The formula $1+1=2$ means that we have two different expressions naming the same thing: the number two.

The formula $A = \{ (cos(t),sin(t)) \mid t \in \mathbb R \}$ is a definition: we made the stipulation of calling $A$ the set defined by the expression on the right-hand side.

Answer 2

These are expressions: $$ (x+1)^2\\ x^2+2x+1\\ \cos(t) $$ These are variables $$ x\\ t $$ These are values $$ 3\\ \pi $$

In an expression, you can evaluate any variable to any value you want. The symbol $|$ is used for this operation: $$ \left.(x+1)^2\right|_{x=3}=(3+1)^2=16\\ \left.x^2+2x+1\right|_{x=3}=3^2+2\cdot3+1=16\\ \left.\cos(t)\right|_{t=\pi}=\cos(\pi)=0 $$

An equality, inequality or any other proposition, can be true or false according the evaluation you do.

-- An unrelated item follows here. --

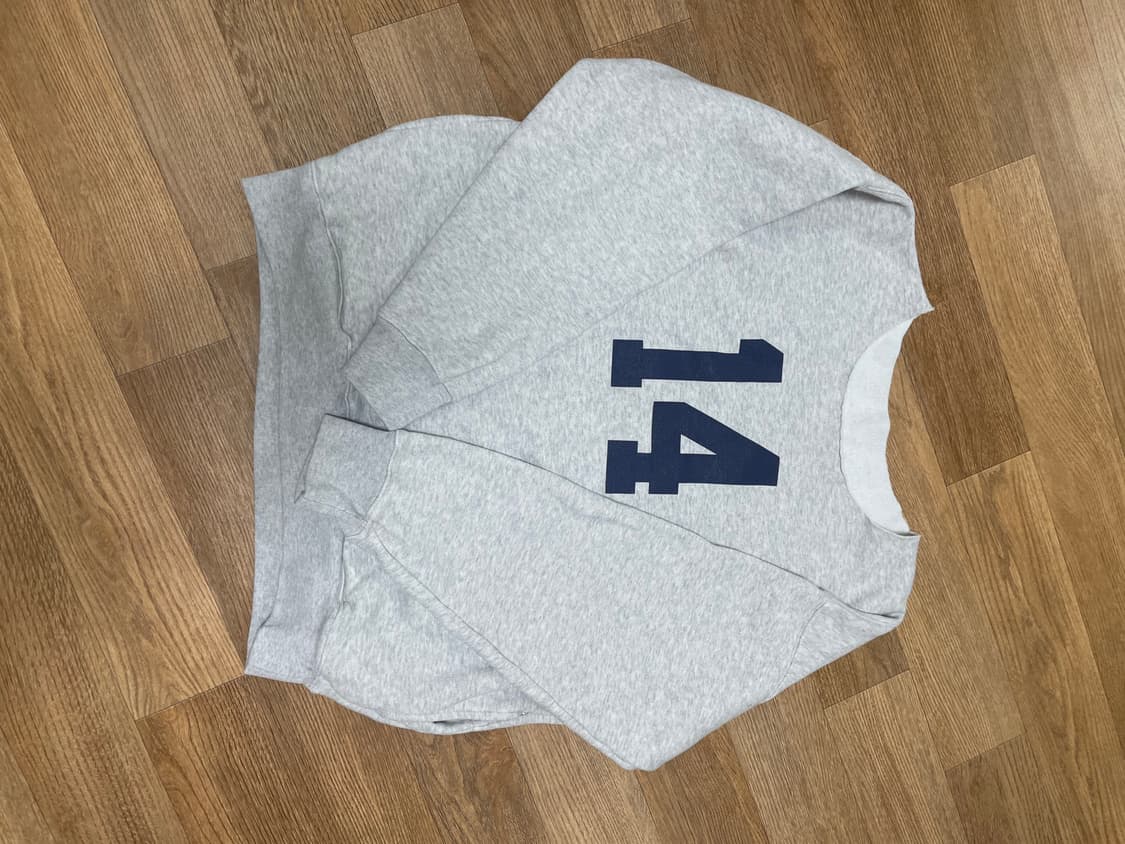 브랜디멜빌 14 오버핏 맨투맨 스웻셔츠 상품이미지3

• $(x+1)^2=x^2+2x+1$ will be true for every real $x$. This is an identity, i.e. an equality which holds for every value of the variable,
• $\cos(t)^2+\sin(t)^2=1$ is another identity, holds for any real $t$,
• $-1<\cos(t)<1$ for every real $t$. This is an inequality identity,
• $(x-1)^2=4$ is true only for some values of $x$. This is an equality between variables, an equation,
• $y=x^2$ is true only for some values of $x$ and $y$. This is an equality between those variables. As you see not with a single solution,
• $x^2=-1$ is true for no real number. Again another equality, but with no real solution.

From here, several notations and objects can arise, which you must have to interprete one by one, as they appear in your route:

• $(x,y)$ is a point in the 2D space, $(x,y,z)$ in the 3D space.
• If $x,y,z$ are free, these expression can represent any point in the 2D|3D space,
• $(x,y),x=y$ is a point, and a equality. This means both holds. $x,y$ can take any value, but also must satisfy the given equality. In this case after an analysis, this describe a line in the 2D space. Only one line can satisfy $y=x$ in the 2D space,
• $(x,y),x^2+y^2=1$ is a curve and one equality. Like the previous example, this constraint the point, to be only the points in a curve in the 2D space, a circle,
• $(x,y),x=\cos(t), y=\sin(t)$ is a point, and two equalities. Because $t$ is free and $x,y$ given by equalities, the point will depend on how $t$ varies. Every value of $t$ evaluates two values of $x$ and $y$ smoothly, and because of that, the point $(x,y)$ defines a curve on the 2D space. Because of algebra manipulation, you can reduce these two last equalities $x=\cos(t),y=\sin(t)$ plus the identity $\cos(t)^2+\sin(t)^2=1$ to the previously given equality $x^2+y^2=1$.
• $(x,y),y=x,x=\cos(t),y=\sin(t)$ is a point and three equalities. Now the case starts to be difficult. The first equality defines a curve, and the next two equalities again define another curve. In this case, because all expressions must hold, this defines an intersection, i.e. the intersection of all curves, which is finally just two points.

Answer 3

I don't understand your problem. If one says

• $(x+1)^2=x^2+2x+1\; \forall x \in \mathbb{R}$

one does not say that $x$ is $3$ and $4$ at the same time. It means, that

• if $x$ is a real number then $(x+1)^2=x^2+2x+1.$

And from this follows that

• if $x=3$ then $(x+1)^2=x^2+2x+1$ holds, so $(3+1)^2=3^2+2\cdot 3+1$

and

• if $x=4$ then $(x+1)^2=x^2+2x+1$ holds, so $(4+1)^2=4^4+2\cdot 4+1$

because 3 and 4 are reale numbers.

But there is no conflict. Because the variable name is valid only in the sentence where it is used. It is a bounded variable. This range of validity is often called the scope of the variable. One can replace a variable in its scope by another variable without changing the meaning of anything. So if we replace the last sentence by

• if $y=4$ then $(y+1)^2=y^2+2y+1$

all the meaning and therefore the validity of no statement changes.